Environmental Protection

Congress Uses Congressional Review Act Against Streams Rule

The U.S. Senate voted 54-45 on Feb. 2 to kill it via the Congressional Review Act, a measure dating to 1996 that allows Congress to vote to eliminate a recently enacted federal regulation. In this case, the rule requires coal companies to clean up waste from mountaintop removal mining and prevent it from going into local waterways.

The Interior Department's stream buffer rule is about to be repealed. The U.S. Senate voted 54-45 on Feb. 2 to kill it via the Congressional Review Act, a measure dating to 1996 that allows Congress to vote to eliminate a recently enacted federal regulation. In this case, the rule requires coal companies to clean up waste from mountaintop removal mining and prevent it from going into local waterways.

Interior published it Dec. 20, 2016, which allows CRA to be used to repeal it, assuming President Trump agrees.

Senate Majority Leader Mitch McConnell, R-Ky., introduced the measure to overturn the rule along with Sen. Shelley Moore Capito, R-W.Va., and Reps. Bill Johnson, R-Ohio, Evan Jenkins, R-W.Va., and David McKinley, R-W.Va.

McConnell said after Interior published the rule that he looked forward to working with the Trump administration to overturn it in order to "provide relief to our coal communities and assist those who have been hit with unemployment and poverty due in large part [to] President Obama's War on Coal."

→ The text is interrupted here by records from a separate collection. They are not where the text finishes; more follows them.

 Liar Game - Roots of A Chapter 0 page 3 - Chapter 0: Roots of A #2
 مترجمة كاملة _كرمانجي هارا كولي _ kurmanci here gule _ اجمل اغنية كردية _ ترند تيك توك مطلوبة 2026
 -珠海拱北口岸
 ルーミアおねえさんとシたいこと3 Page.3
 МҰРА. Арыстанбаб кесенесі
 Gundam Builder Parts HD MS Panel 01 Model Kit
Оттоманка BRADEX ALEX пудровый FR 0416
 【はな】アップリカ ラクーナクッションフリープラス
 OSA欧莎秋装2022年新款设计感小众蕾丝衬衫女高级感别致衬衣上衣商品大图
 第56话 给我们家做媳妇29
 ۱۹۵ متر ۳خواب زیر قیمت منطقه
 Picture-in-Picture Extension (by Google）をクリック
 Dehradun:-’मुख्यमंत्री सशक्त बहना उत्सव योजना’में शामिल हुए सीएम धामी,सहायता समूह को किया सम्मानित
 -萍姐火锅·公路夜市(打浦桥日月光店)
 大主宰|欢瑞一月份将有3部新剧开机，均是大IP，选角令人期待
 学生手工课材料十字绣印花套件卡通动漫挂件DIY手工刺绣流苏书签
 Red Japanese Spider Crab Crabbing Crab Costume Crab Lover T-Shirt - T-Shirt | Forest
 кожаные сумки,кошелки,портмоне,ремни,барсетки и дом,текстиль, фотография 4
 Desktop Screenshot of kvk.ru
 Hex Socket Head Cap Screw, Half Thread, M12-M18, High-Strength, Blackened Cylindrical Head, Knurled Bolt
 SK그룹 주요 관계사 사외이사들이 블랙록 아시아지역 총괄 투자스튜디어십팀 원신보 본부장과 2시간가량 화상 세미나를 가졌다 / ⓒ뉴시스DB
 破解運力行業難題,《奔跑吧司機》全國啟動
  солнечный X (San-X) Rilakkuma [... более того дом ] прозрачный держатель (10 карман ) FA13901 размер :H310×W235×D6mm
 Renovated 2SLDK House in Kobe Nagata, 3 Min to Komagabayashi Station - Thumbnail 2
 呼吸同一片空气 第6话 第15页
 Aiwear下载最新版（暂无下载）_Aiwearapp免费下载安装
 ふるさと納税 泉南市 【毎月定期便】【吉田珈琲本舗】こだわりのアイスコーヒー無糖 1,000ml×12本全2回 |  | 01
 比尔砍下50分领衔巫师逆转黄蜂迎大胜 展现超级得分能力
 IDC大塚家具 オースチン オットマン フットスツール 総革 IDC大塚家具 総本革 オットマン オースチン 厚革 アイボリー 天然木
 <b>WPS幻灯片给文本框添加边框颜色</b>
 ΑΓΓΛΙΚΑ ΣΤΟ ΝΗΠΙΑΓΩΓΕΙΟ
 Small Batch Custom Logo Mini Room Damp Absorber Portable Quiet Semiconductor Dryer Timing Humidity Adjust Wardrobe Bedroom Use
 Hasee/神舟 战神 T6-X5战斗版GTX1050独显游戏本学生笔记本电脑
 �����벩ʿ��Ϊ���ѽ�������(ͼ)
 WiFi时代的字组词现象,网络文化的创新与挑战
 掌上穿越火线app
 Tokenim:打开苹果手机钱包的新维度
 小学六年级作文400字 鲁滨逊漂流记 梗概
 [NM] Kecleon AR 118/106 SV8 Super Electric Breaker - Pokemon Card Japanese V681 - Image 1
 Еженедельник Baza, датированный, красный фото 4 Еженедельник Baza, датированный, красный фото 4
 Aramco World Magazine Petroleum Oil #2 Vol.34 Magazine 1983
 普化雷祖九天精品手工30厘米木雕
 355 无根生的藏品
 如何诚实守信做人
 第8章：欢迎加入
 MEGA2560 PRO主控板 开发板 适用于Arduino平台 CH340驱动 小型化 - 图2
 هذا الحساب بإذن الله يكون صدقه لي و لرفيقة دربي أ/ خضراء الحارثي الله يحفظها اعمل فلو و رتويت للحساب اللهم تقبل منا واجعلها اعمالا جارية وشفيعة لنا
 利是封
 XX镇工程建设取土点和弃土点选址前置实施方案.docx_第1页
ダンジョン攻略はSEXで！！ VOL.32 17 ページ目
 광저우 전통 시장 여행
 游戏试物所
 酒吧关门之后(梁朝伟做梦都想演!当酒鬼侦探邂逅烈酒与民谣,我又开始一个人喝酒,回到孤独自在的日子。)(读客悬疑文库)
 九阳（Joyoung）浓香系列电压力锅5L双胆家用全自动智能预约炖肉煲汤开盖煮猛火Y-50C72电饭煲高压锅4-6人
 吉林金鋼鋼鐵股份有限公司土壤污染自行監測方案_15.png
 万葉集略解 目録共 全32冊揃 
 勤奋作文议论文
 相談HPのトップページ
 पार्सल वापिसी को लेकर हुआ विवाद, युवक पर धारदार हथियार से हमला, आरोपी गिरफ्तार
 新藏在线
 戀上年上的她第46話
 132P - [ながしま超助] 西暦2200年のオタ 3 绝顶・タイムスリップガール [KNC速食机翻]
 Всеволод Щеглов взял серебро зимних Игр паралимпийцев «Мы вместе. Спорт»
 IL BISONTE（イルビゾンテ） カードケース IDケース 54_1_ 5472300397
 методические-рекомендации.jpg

The U.S. House of Representatives voted 228-194 on Feb. 1 to repeal the rule.

Some Senate Democrats backed the rule, saying it protects waterways and prevent health risks for workers and other people living in coal areas. "If you want to help miners, then come address their health and safety and their pension program," said Sen. Maria Cantwell, D-Wash., who is the ranking member on the Senate Committee on Energy & Natural Resources.